## Data section
- - - -

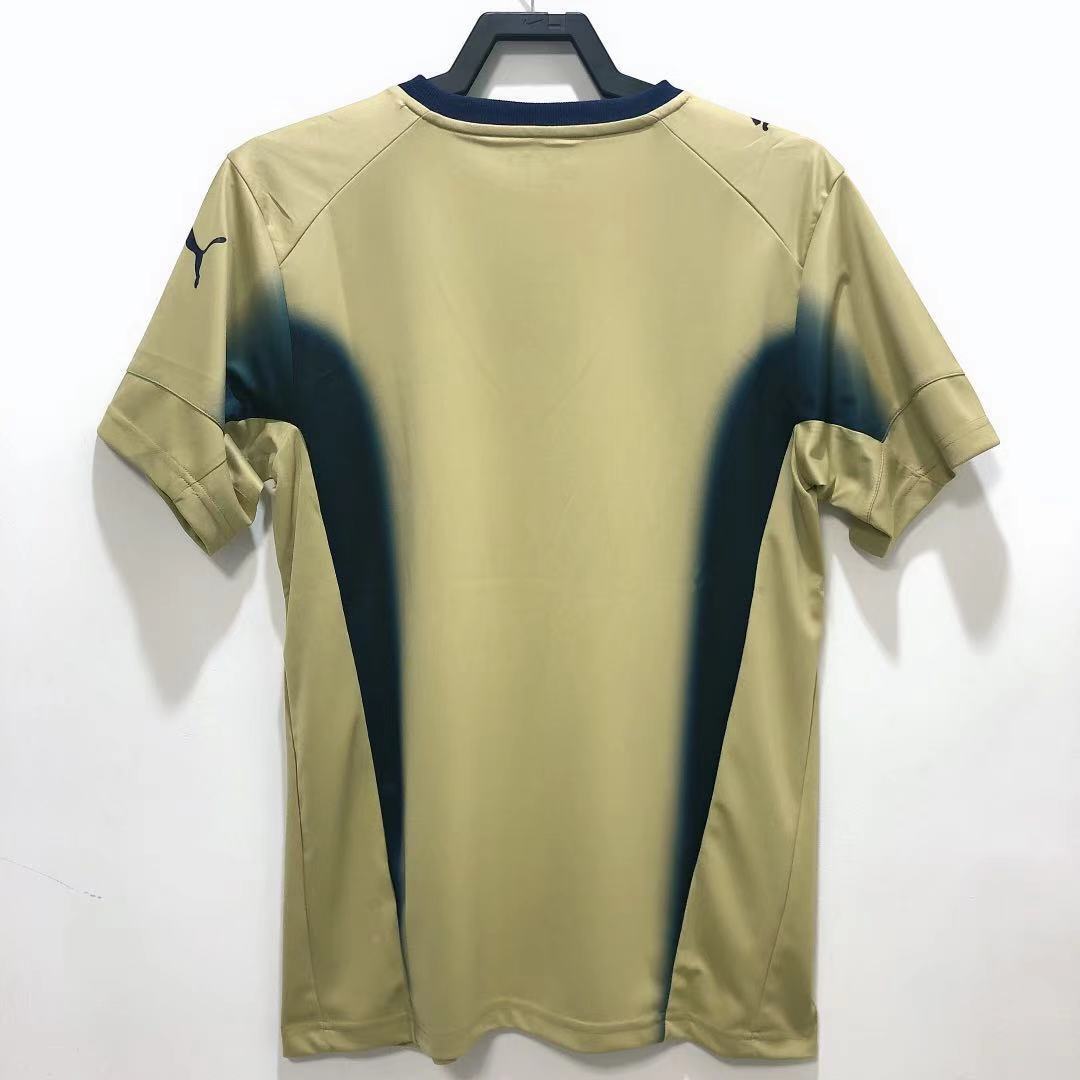 Camiseta Retro de Hombre Italia Selección Nacional GK Dorada - 2006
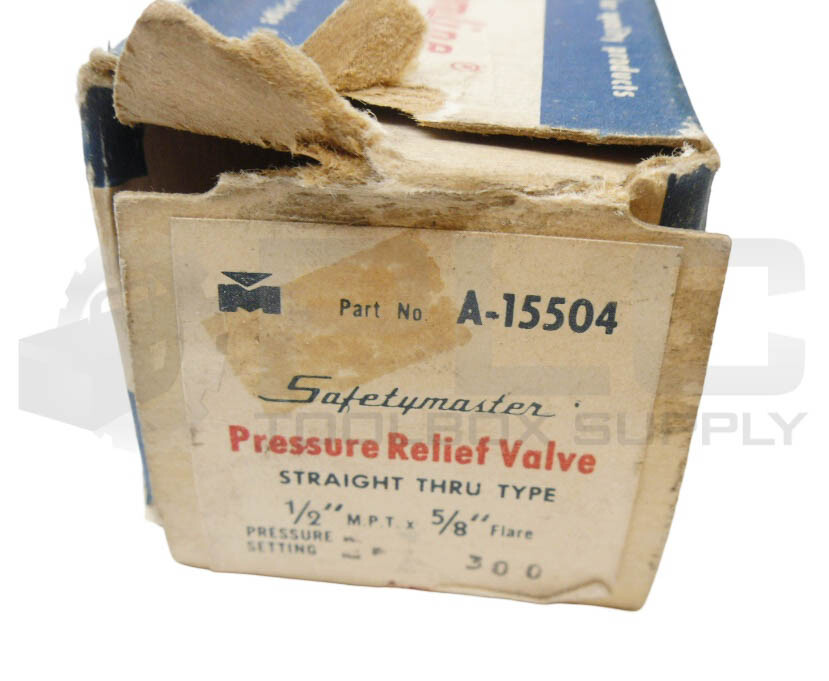 NEW MUELLER BRASS CO A-15504 PRESSURE RELIEF VALVE 1/2″ MPT 5/8″ FLARE *READ*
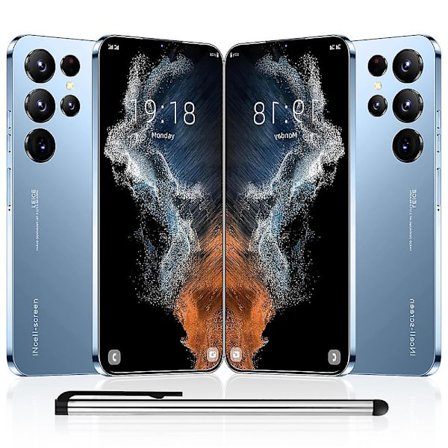 Nnte30+ 4g mobiltelefon 6,8" 32gb/3gb ulåst mobiltelefon Dual Sim, sort, med berøringspen, 2023 nye ulåste Android-telefoner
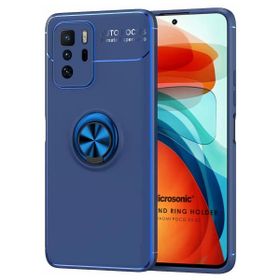 Microsonic Xiaomi Poco X3 GT Kickstand Ring Holder Lacivert Cep Telefonu Kılıfı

- - - -

## About this task
The reply should repeat the listing above exactly and contain no pictures.

## The answer
 Camiseta Retro de Hombre Italia Selección Nacional GK Dorada - 2006
 NEW MUELLER BRASS CO A-15504 PRESSURE RELIEF VALVE 1/2″ MPT 5/8″ FLARE *READ*
 Nnte30+ 4g mobiltelefon 6,8" 32gb/3gb ulåst mobiltelefon Dual Sim, sort, med berøringspen, 2023 nye ulåste Android-telefoner
 Microsonic Xiaomi Poco X3 GT Kickstand Ring Holder Lacivert Cep Telefonu Kılıfı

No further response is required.